Con Putavida Mixtape, Jerry Sampi mette a fuoco un autoritratto diretto e senza filtri, un progetto che nasce più dall’urgenza che dal calcolo. Il risultato è un lavoro che suona spontaneo ma sorprendentemente compatto: un racconto musicale dove ironia e vulnerabilità convivono nello stesso spazio, restituendo il ritmo irregolare dello “struggle” quotidiano.

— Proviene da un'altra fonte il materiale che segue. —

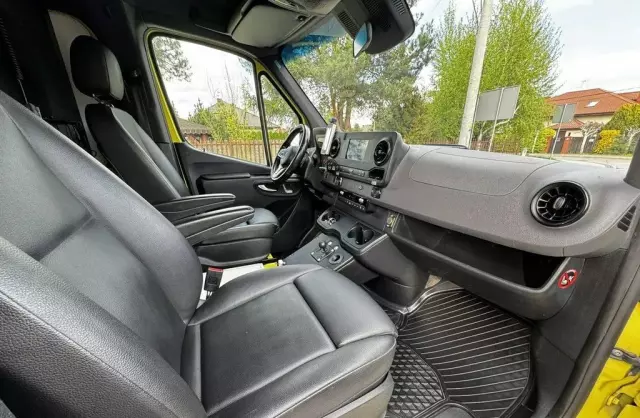 MERCEDES-BENZ Sprinter 
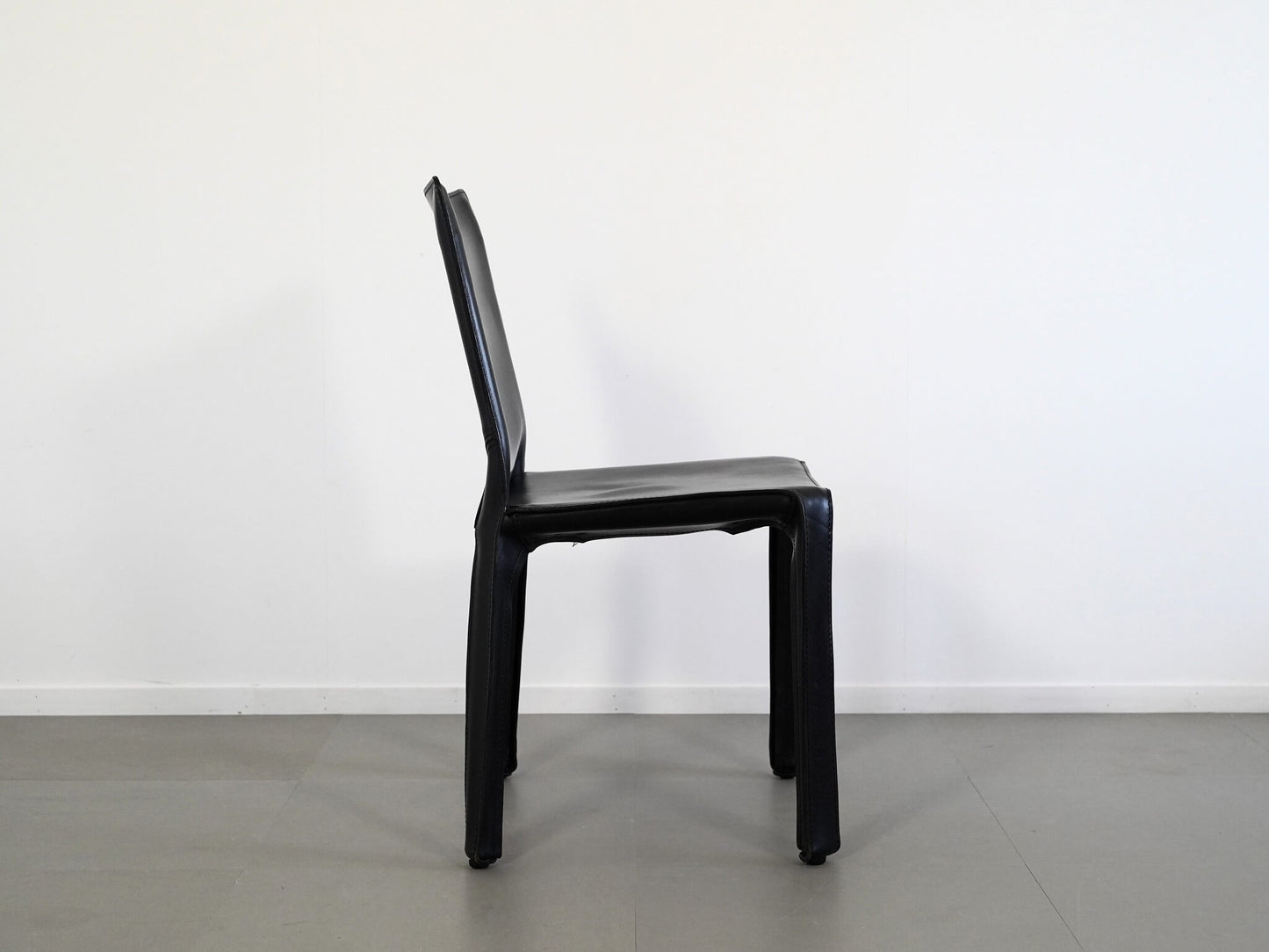 マリオ・ベリーニがデザインしたカッシーナの中古・ユーズドのキャブチェア412・ブラック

Il titolo prende spunto dall’espressione sudamericana puta vida – letteralmente “maledetta vita” – ma Jerry Sampi la trasforma in qualcosa di diverso: un manifesto personale fatto di sarcasmo, lucidità e resistenza emotiva. Non è un lamento, ma un modo di affrontare le cadute con un sorriso amaro, riconoscendo il peso della realtà senza lasciarsi schiacciare.

Pur presentato come mixtape, il progetto ha una struttura e una cura quasi da album d’autore. Le quattordici tracce funzionano come frammenti di un unico racconto: momenti di leggerezza si alternano a riflessioni più intime, mentre le barre di Jerry oscillano tra attitudine rap tagliente e aperture più introspettive. Il filo conduttore è una tensione costante tra istinto e consapevolezza, tra caos emotivo e lucidità.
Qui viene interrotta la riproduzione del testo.